A RISK CONSULTANCY firm based in Canary Wharf's gleaming financial
district emails us here at BullionVault to
ask:
"We are keen if possible to get a view from you on the recent heat between
the UK and Russian governments.
"Is this likely to make London a less attractive place for Russian companies
to list their equity? Is the City suddenly going to go up in arms and demand
further regulation? Or will it just be business as usual?"
Regular readers of the View
from the Vault might guess we have no answers. They might also wonder
why-in-the-hell anyone would ask us! But they'll also know we shall attempt
a reply regardless. Yes, it's eight months since we last studied the hazards
of Russian equities listing on the London market, right around the time that Polonium
210 poisoned a dissident Russian spy in a West End sushi bar.

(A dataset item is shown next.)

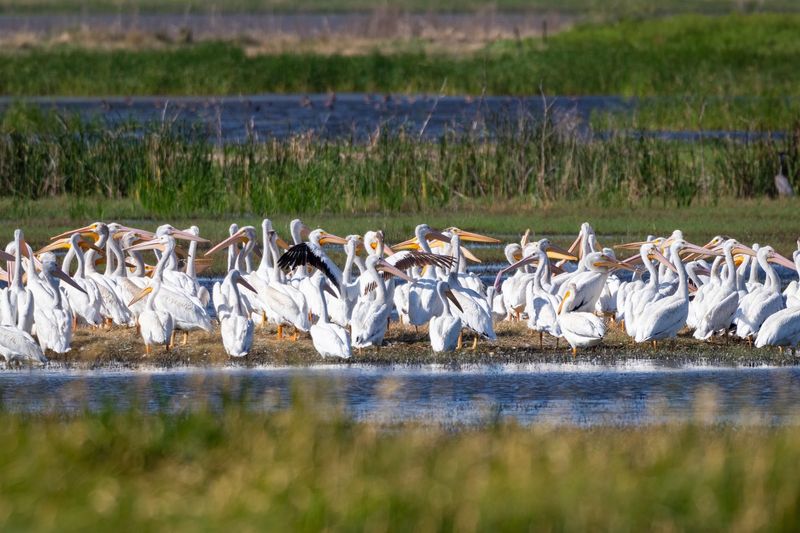 Cheyenne Bottoms Wildlife Area, Great Bend, Kansas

Nor can we begin to guess how the LSE or City watchdog, the Financial Services
Authority, might feel about becoming bit-players in Whitehall's latest comedy
of errors. Chasing down the Russian spy accused of poisoning Alexander Litvinenko
in Central London would surely require an extradition treaty, not a tightening
of stock-market rules.
And besides, as John Kampfner notes in The Guardian, "If the UK and
Russia did have an extradition treaty, what would happen to Boris Berezovsky,
a one-time top Kremlin figure-turned-dissident whom Putin regards as his public
enemy No.1? Berezovsky and other oligarchs now live here [in London] in opulence,
thanks to our absurdly generous tax laws."

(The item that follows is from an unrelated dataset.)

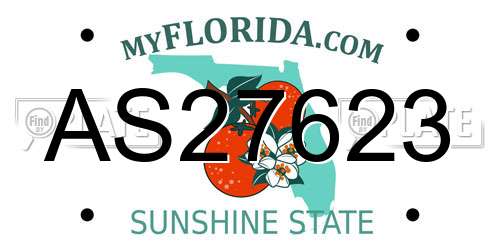 AS27623 Florida License Plate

But still, we can't help wondering: Do Russian companies - most especially
the gas, oil and mining companies who make up 80% of the Russian stock market
- actually need to raise cash by listing on Western exchanges?
If you haven't bought into Gazprom yet, you might not get chance to buy Russia
in London for much longer, perhaps. As Marc Faber has observed, what finally
destroyed the Soviet Union at the end of the '80s wasn't so much the victory
of Western capitalism but the collapse of global oil prices to $10 per barrel.
Now oil looks firm above $60 if not $70, and "we're only a headline of significance
away from $100 oil," reckons John Kilduff, an analyst in New York for Man Financial.
Little wonder then that President Putin's belligerence looks like the swagger
of a man who just can't lose...so long as energy stays expensive. As it is,
Russia's forex reserves now stand at No.3 behind China and Japan, and Europe
needs Russian energy flows far more than Russia needs European cash in return.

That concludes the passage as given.